[Stored dataset items]
------------------------------------------------------------
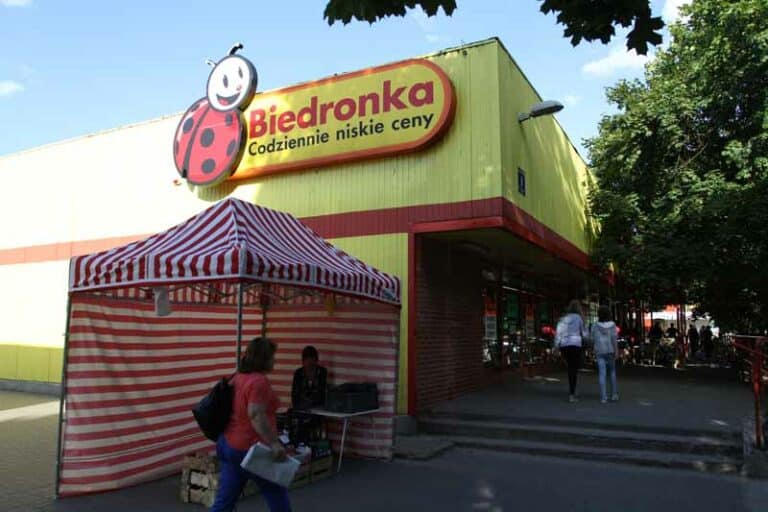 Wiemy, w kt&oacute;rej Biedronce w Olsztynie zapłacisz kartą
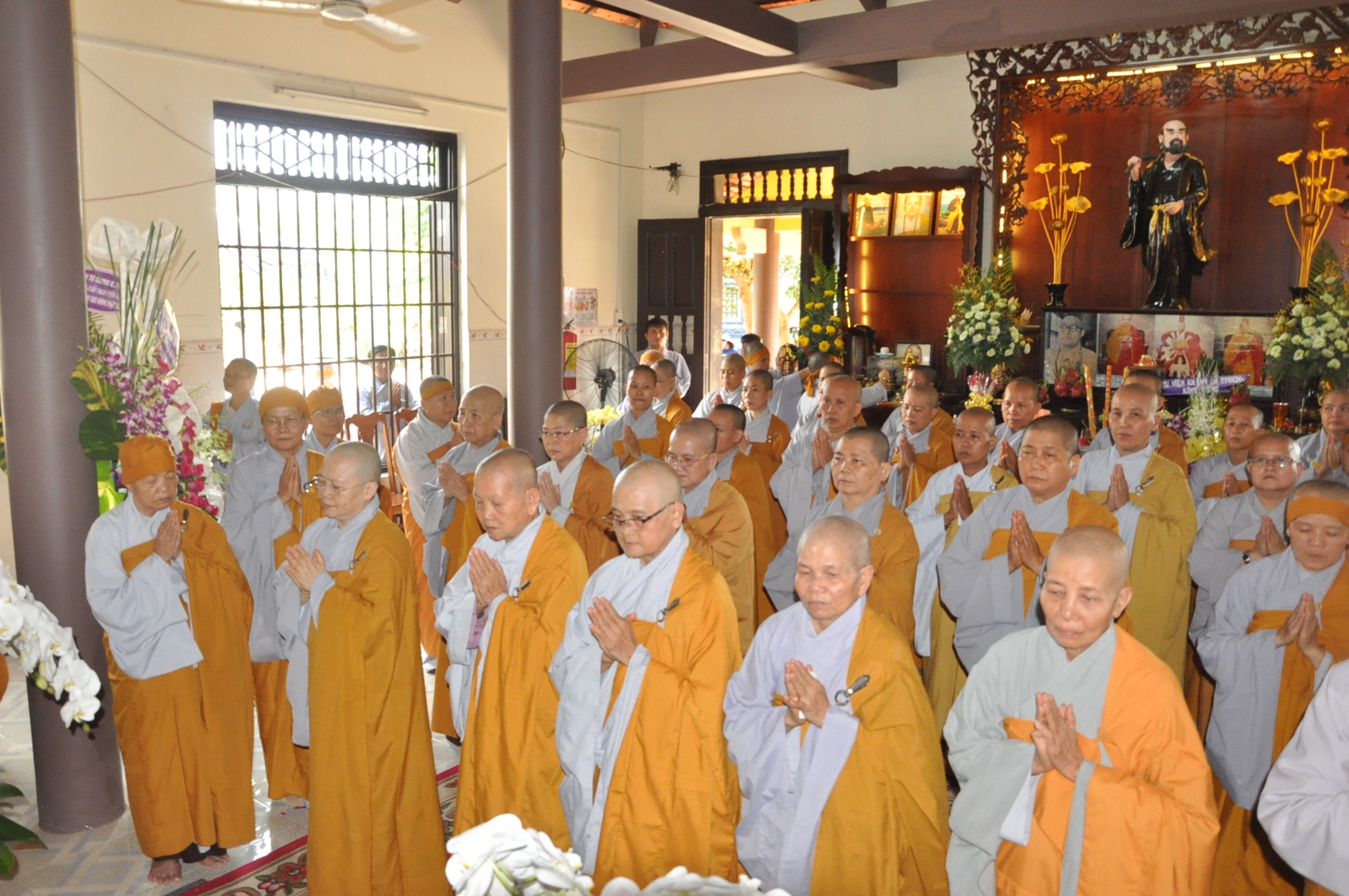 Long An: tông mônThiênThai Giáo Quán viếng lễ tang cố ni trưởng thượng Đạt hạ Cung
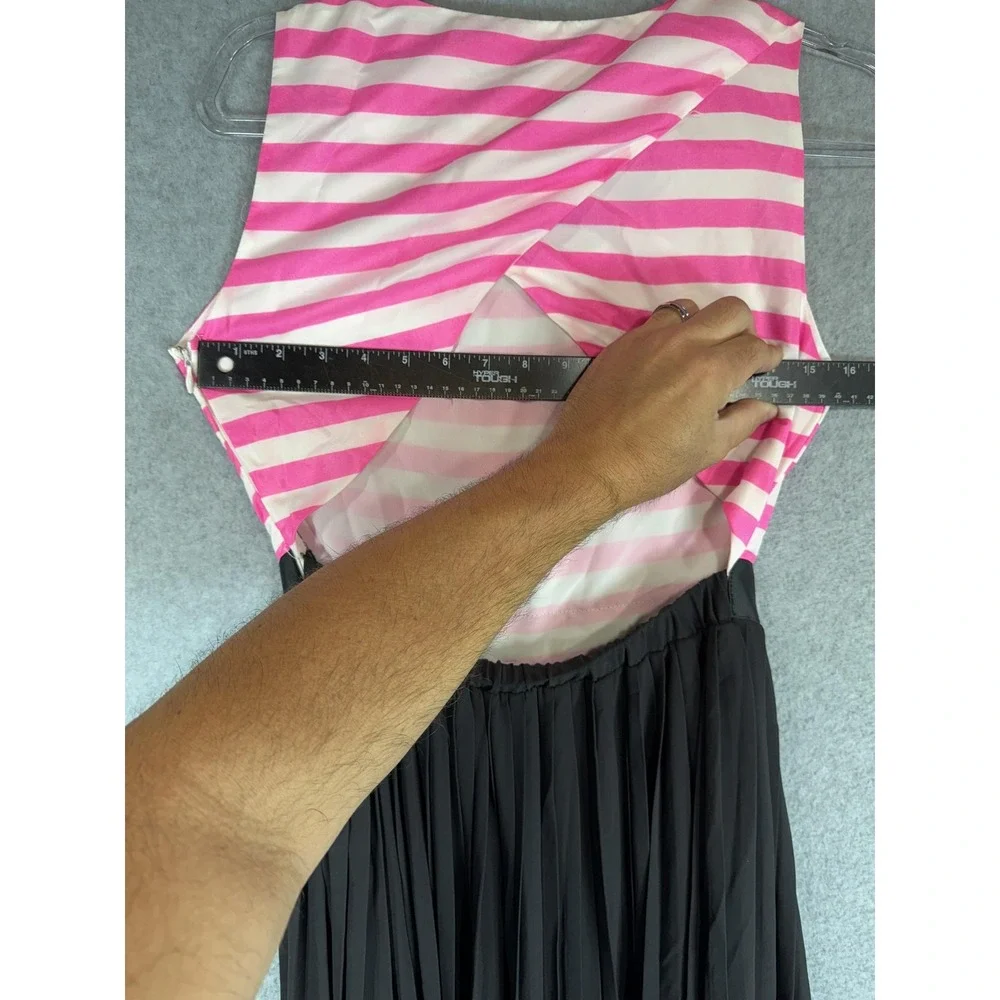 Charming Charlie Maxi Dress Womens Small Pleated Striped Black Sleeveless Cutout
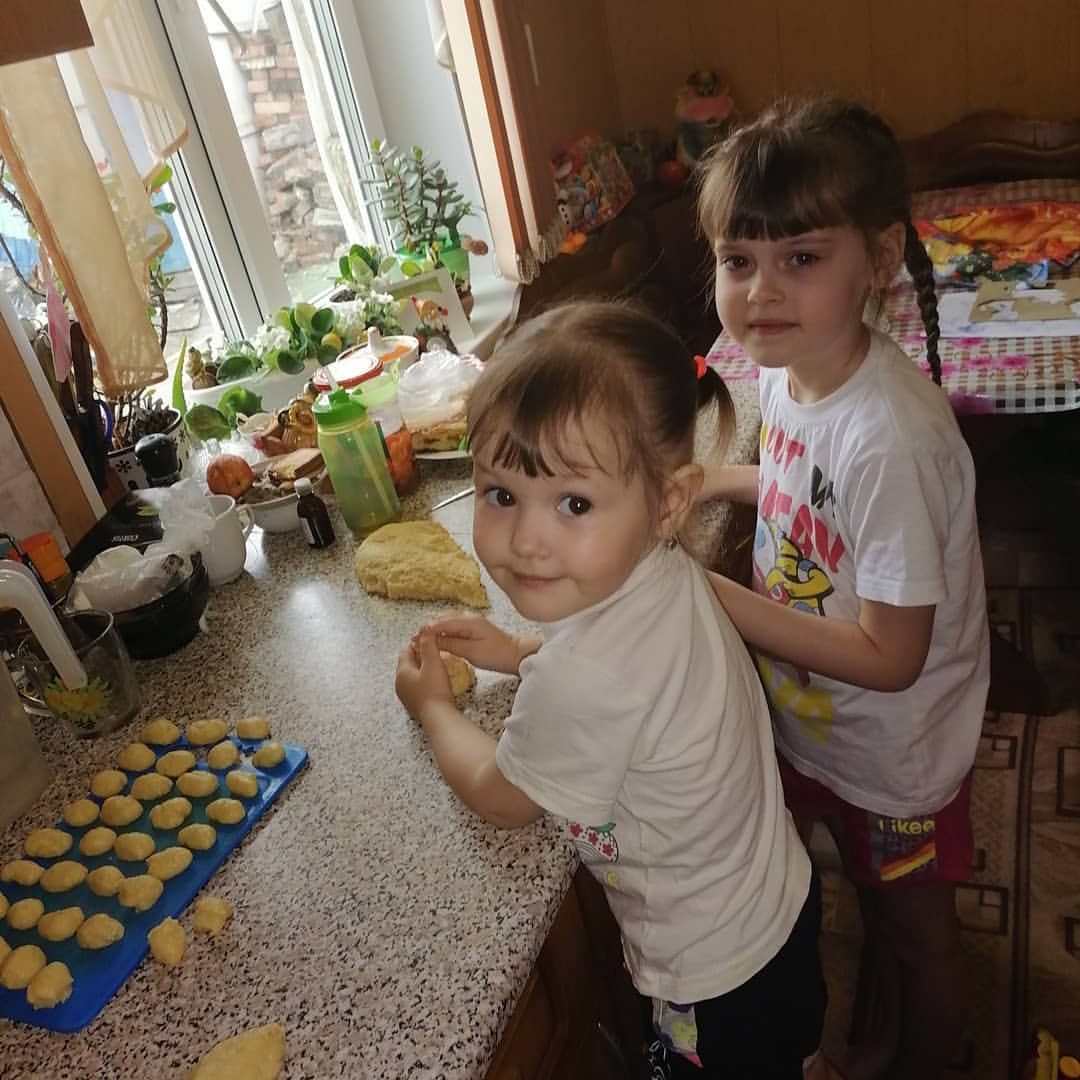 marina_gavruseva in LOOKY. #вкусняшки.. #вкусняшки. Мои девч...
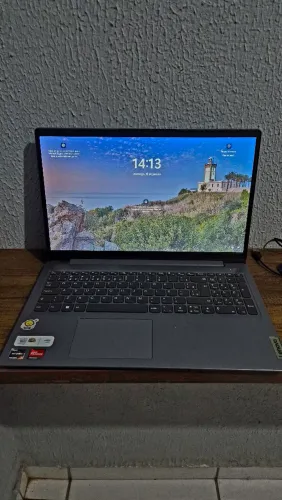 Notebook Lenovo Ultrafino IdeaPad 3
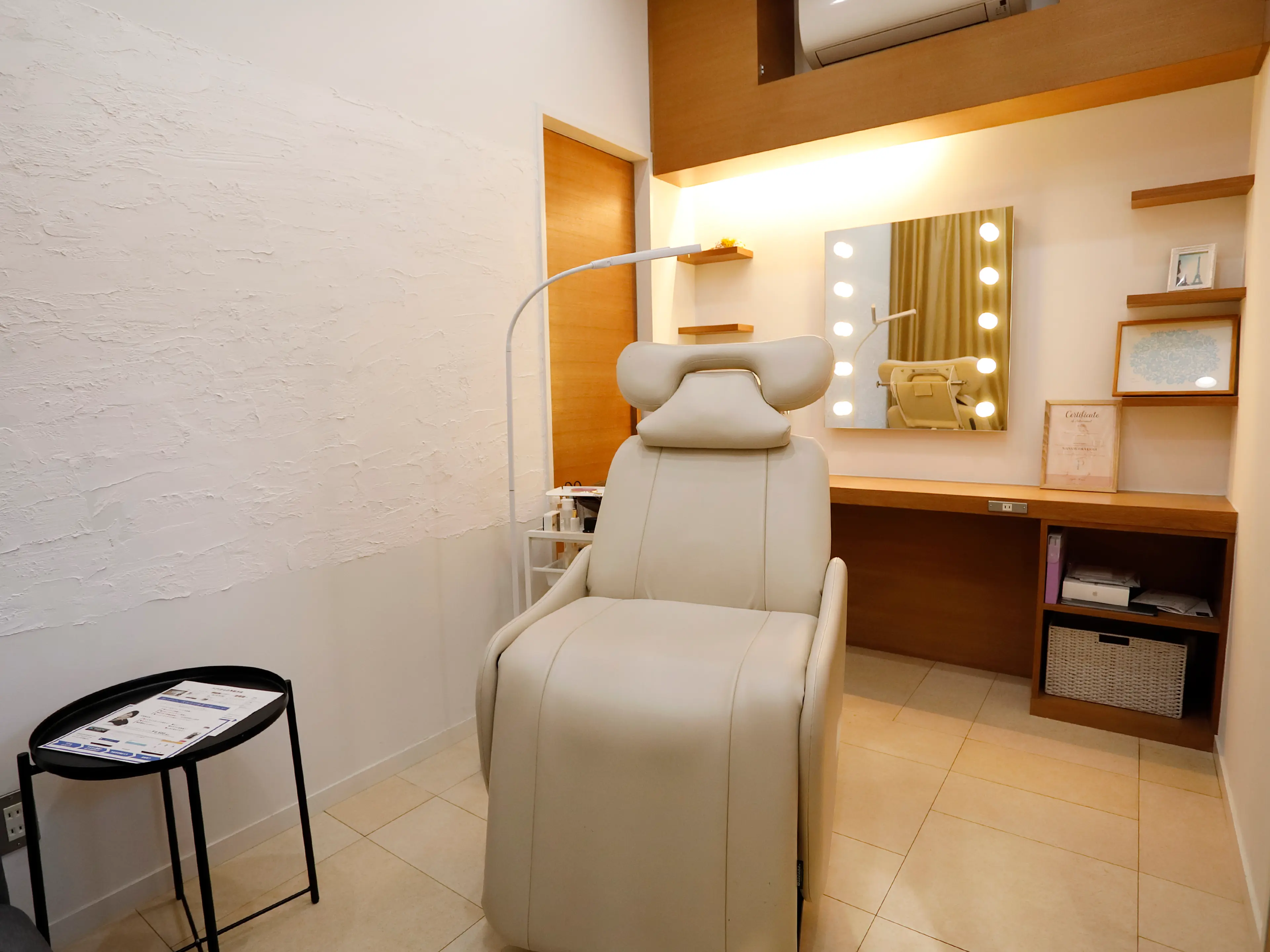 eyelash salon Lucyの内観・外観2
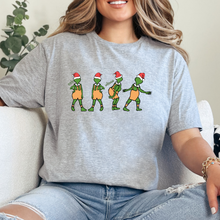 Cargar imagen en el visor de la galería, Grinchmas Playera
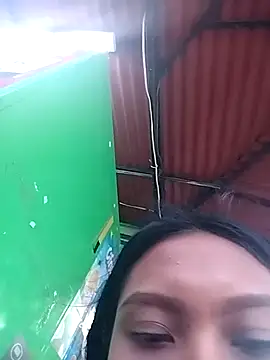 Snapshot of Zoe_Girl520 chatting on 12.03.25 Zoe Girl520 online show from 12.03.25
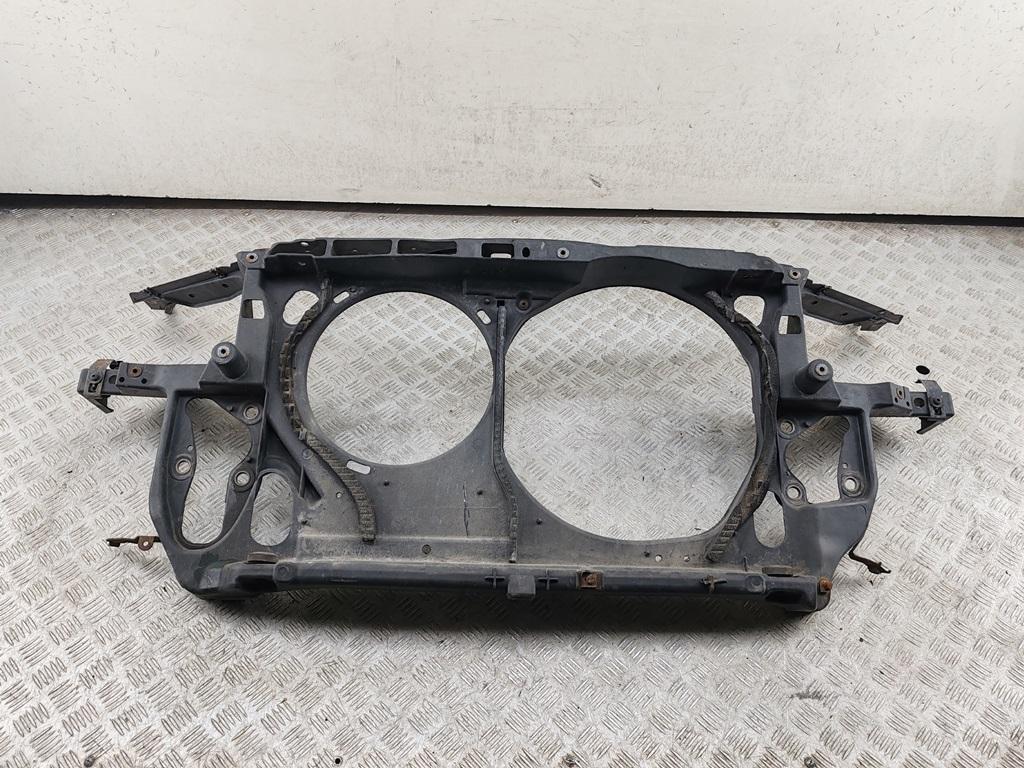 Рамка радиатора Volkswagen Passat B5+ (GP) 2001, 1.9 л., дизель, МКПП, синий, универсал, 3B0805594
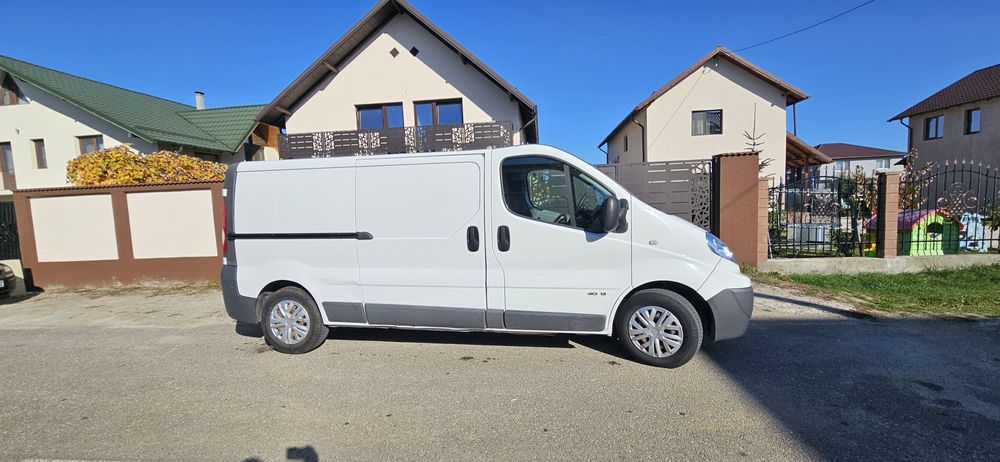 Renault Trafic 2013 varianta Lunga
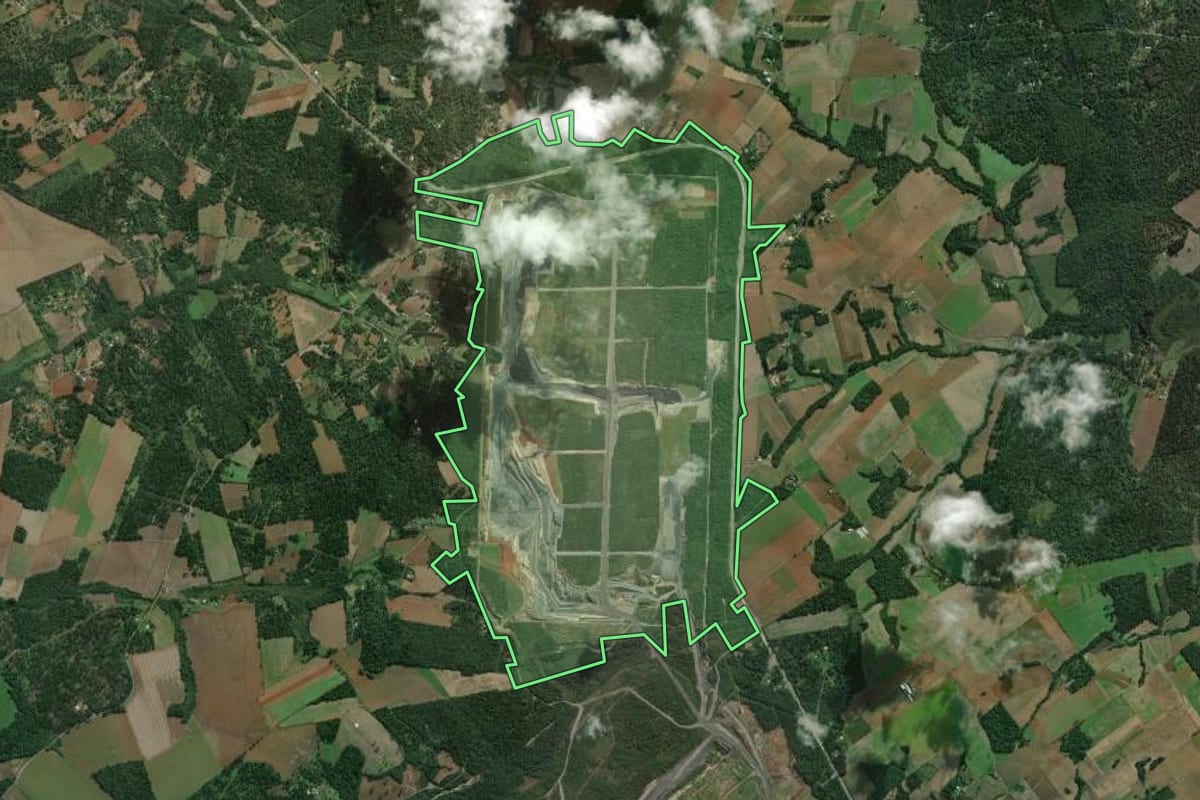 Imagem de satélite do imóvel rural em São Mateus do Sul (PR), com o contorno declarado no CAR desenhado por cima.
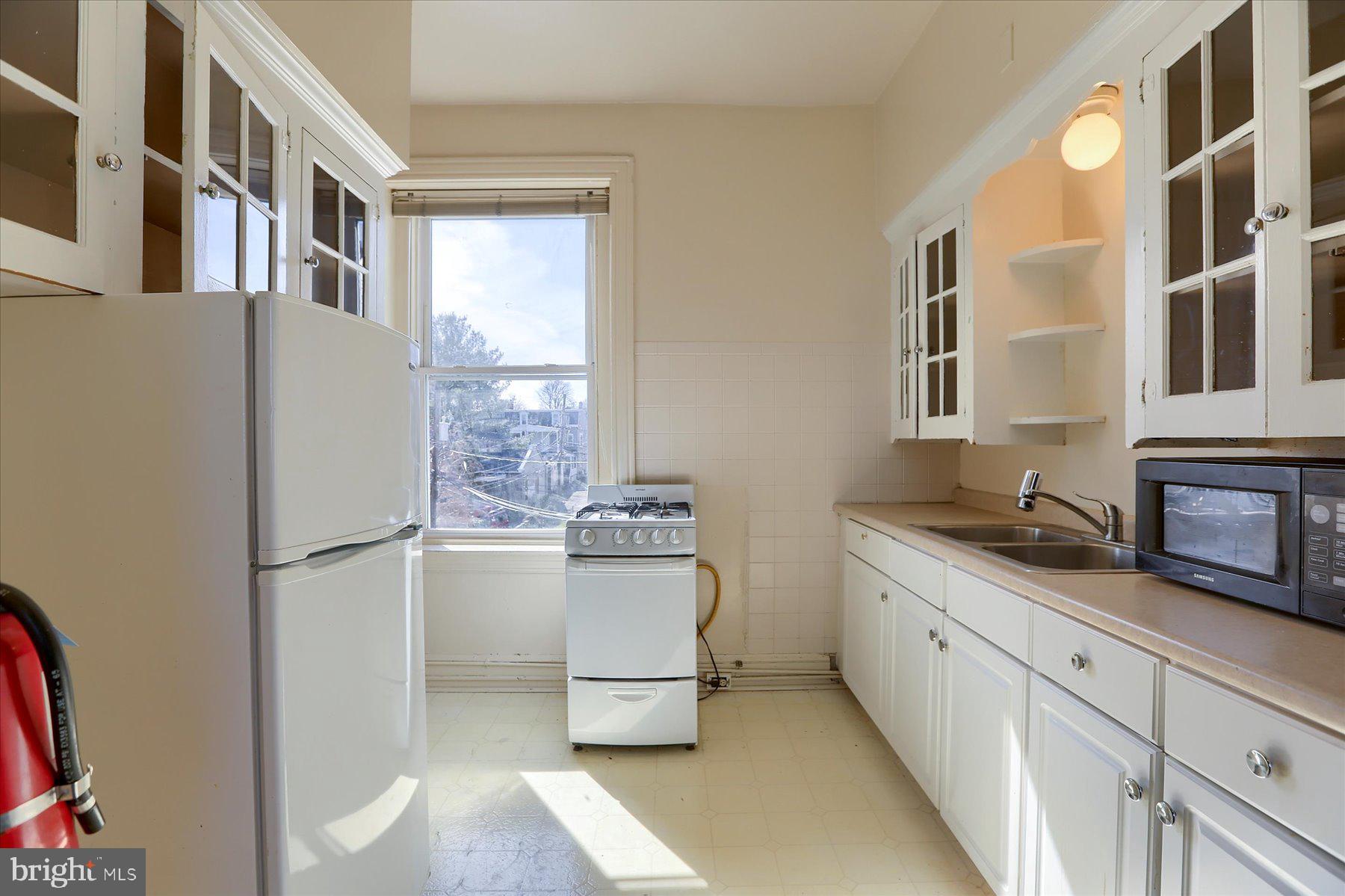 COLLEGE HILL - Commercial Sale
------------------------------------------------------------
# WORK ORDER:
Starting with the line above that holds "Charming Charlie Maxi", restate each line word for word up to and including the line that holds "Snapshot of Zoe_Girl520". Drop the pictures.

# OUTPUT FOR THIS EXERCISE:
 Charming Charlie Maxi Dress Womens Small Pleated Striped Black Sleeveless Cutout
 marina_gavruseva in LOOKY. #вкусняшки.. #вкусняшки. Мои девч...
 Notebook Lenovo Ultrafino IdeaPad 3
 eyelash salon Lucyの内観・外観2
 Cargar imagen en el visor de la galería, Grinchmas Playera
 Snapshot of Zoe_Girl520 chatting on 12.03.25 Zoe Girl520 online show from 12.03.25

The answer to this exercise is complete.